Der Esperto präsentiert sich kompakt und elegant. Bei genauerem Hinsehen fällt dem Kenner aber sofort auf, dass nur eines an dem Gerät wirklich neu ist und von Tchibo stammt – nämlich das Kaffeebohnen-Logo an der Vorderseite.
Denn Severin hat schon im Jahr 2016 mit dem KV 8090 die Vorlage für den Tchibo-Automaten geliefert. Die beiden Geräte sind zu 100 Prozent baugleich. Tchibo präsentiert uns mit dem Esperto also ein „White Label“ – ein Produkt, das als Eigenmarke verkauft, aber von einem anderen Hersteller produziert wird.
Entwickelt haben die „Kaffee-Experten“ gar nichts. Und einen Kaffeevollautomaten auf eine Eigenmarke verschiedenster Bohnensorten abzustimmen, ist ein Ding der Unmöglichkeit.
Whitelabeln ist an sich nicht verkehrt. Aber dem Kunden eine Neuheit vorzugaukeln, die keine ist, schon. Ganz verkehrt ist, das Marketing dann noch so zu würzen, dass der Kunde meint, er könne das Gerät am besten nur mit Tchibo-Bohnen verwenden.
Diese etwas irreführende Werbung ist nicht nur ärgerlich, sondern auch völlig unnötig. Der Esperto Caffè ist schon durch sein schlankes Preisschild attraktiv. Er ist für euch in den meisten Shops erschwinglicher als das Original von Severin.

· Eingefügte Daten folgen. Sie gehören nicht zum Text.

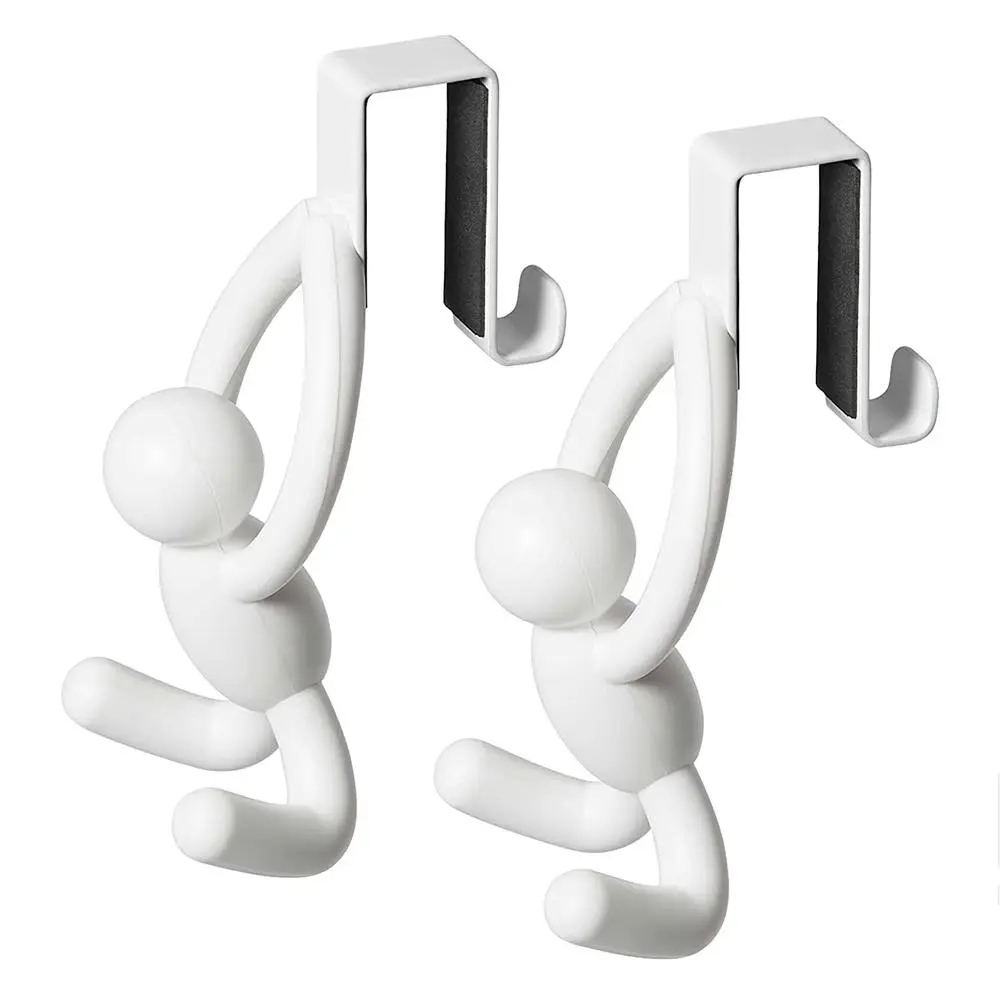 2pc Umbra Buddy Over The Door Decorative Hanging Utility Hooks White 6x7.4x13cm - Home & Garden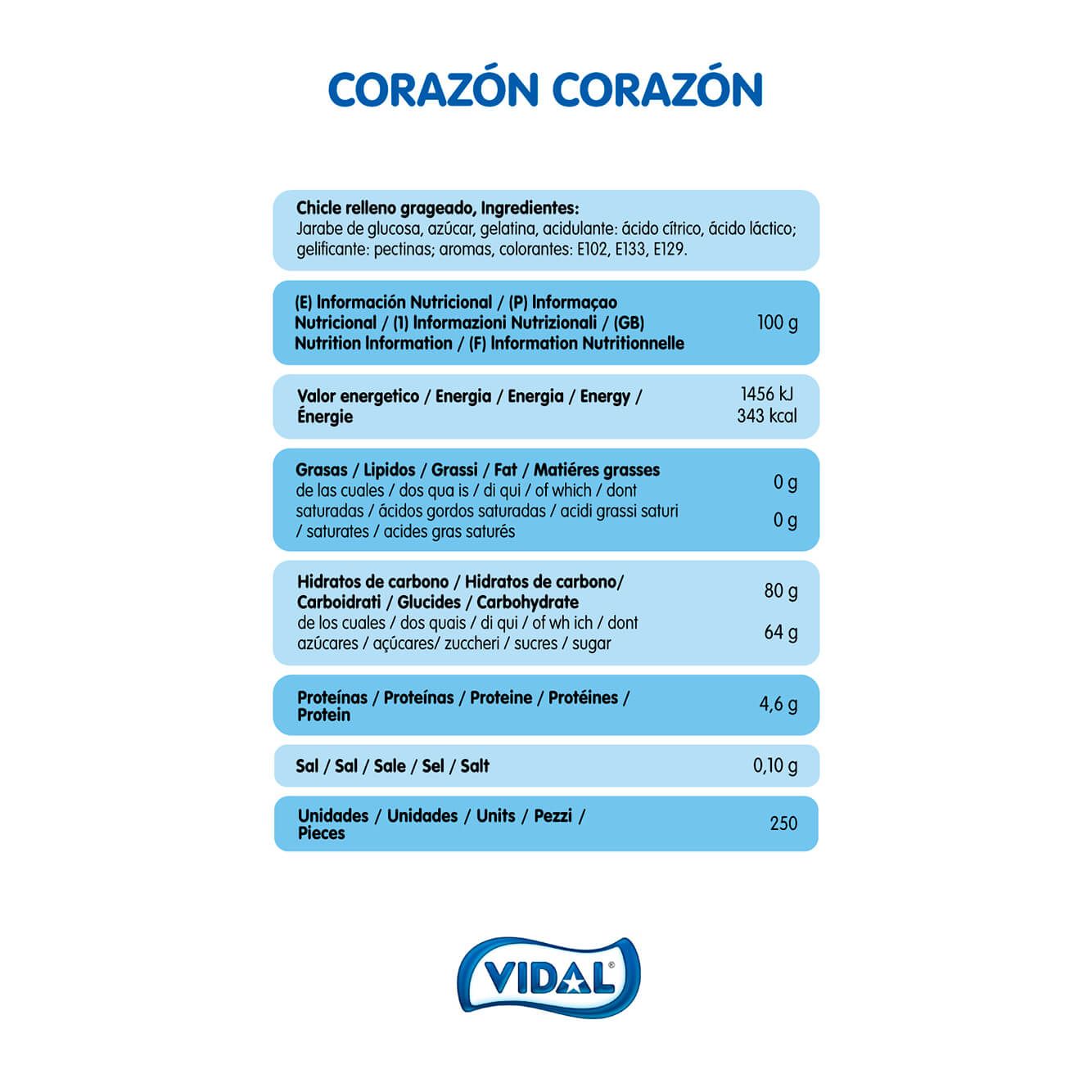 Corazón Corazón bolsa 1,5 Kg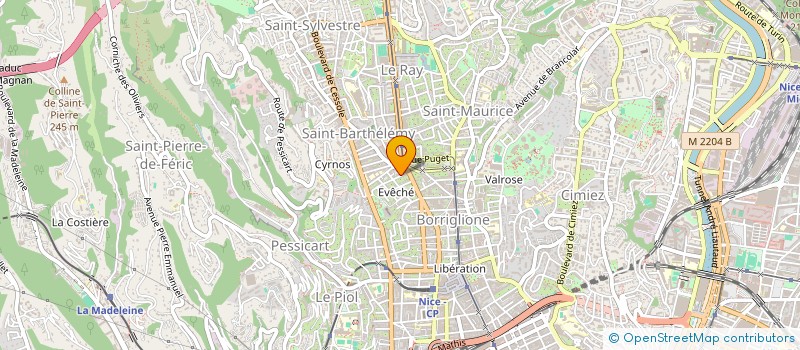 localisation de l'entreprise MADAME VIOLAINE MORIER  NICE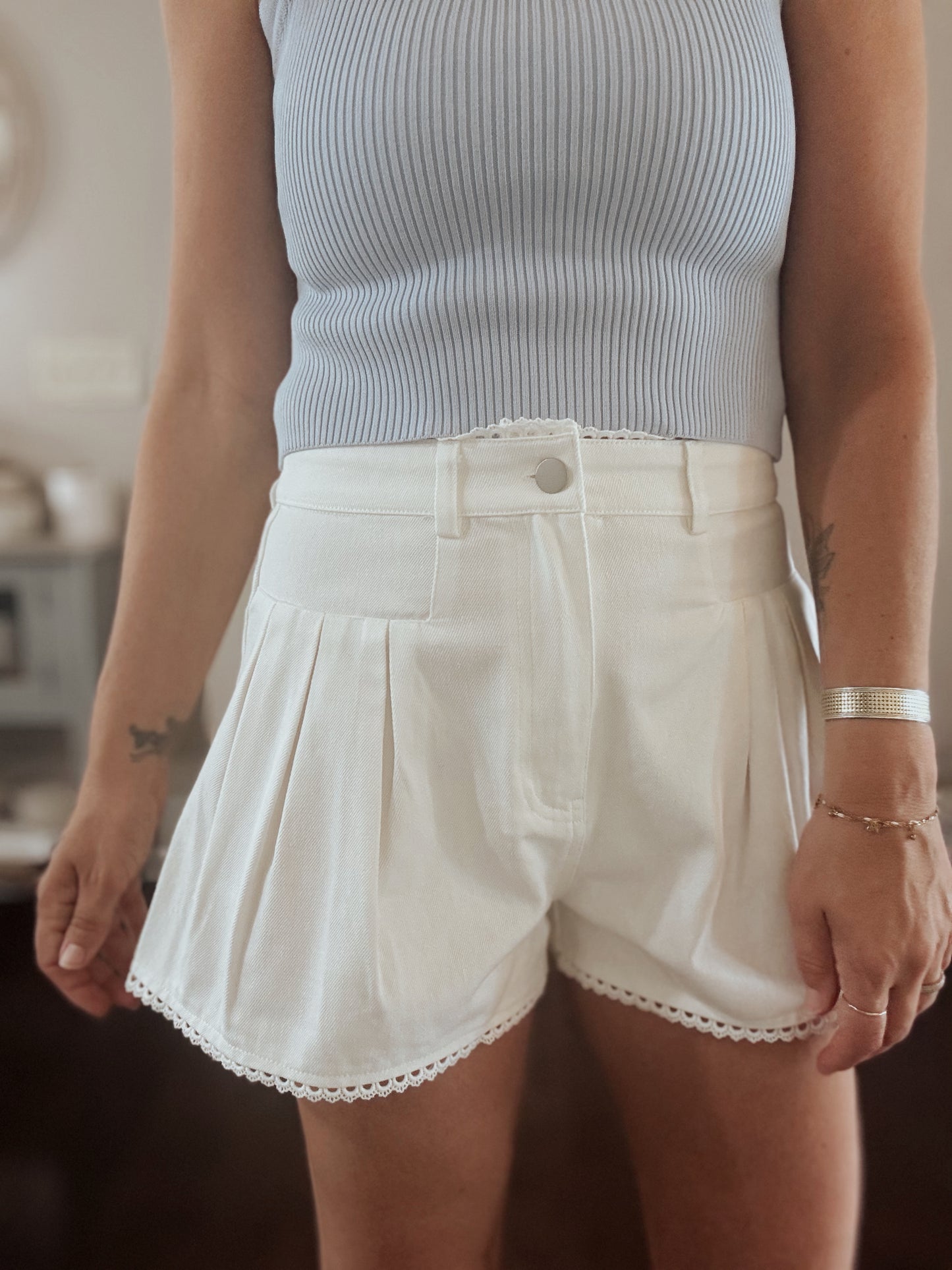 Isabella Pleated Shorts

Obendrein könnt ihr euch nochmal rund 50 Euro Rabatt holen, wenn ihr das Gerät direkt bei Tchibo unter Vorlage der Kundenkarte kauft – wenn ihr nichts gegen Tchibo-Werbung im Postkasten habt.

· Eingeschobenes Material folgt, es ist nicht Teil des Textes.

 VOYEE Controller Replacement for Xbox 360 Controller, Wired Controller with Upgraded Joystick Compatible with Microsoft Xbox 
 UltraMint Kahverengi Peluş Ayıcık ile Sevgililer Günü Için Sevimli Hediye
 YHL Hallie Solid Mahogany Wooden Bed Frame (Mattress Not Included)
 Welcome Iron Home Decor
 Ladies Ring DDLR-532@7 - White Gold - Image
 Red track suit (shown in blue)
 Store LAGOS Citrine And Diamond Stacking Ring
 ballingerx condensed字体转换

Ich starte also mit einem bitteren Marketing-Beigeschmack in den Test, will mir das Gerät aber unabhängig vom Vorgänger trotzdem genau ansehen.

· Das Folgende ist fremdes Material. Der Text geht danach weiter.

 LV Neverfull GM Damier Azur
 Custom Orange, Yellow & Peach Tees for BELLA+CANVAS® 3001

Dieses Video wurde uns freundlicherweise von coffeeness.de zur Verfügung gestellt
Der erste Eindruck: Viel Material für wenig Geld
Der kleine Esperto sieht nicht nur edel aus. Die hohe Menge an verbautem Edelstahl ist durchaus ungewöhnlich für die Preisklasse und verleiht dem Gerät einen hochwertigen Eindruck. Die überschaubaren Maße sorgen dafür, dass der Tchibo-Zwerg in jeder Küche Platz findet.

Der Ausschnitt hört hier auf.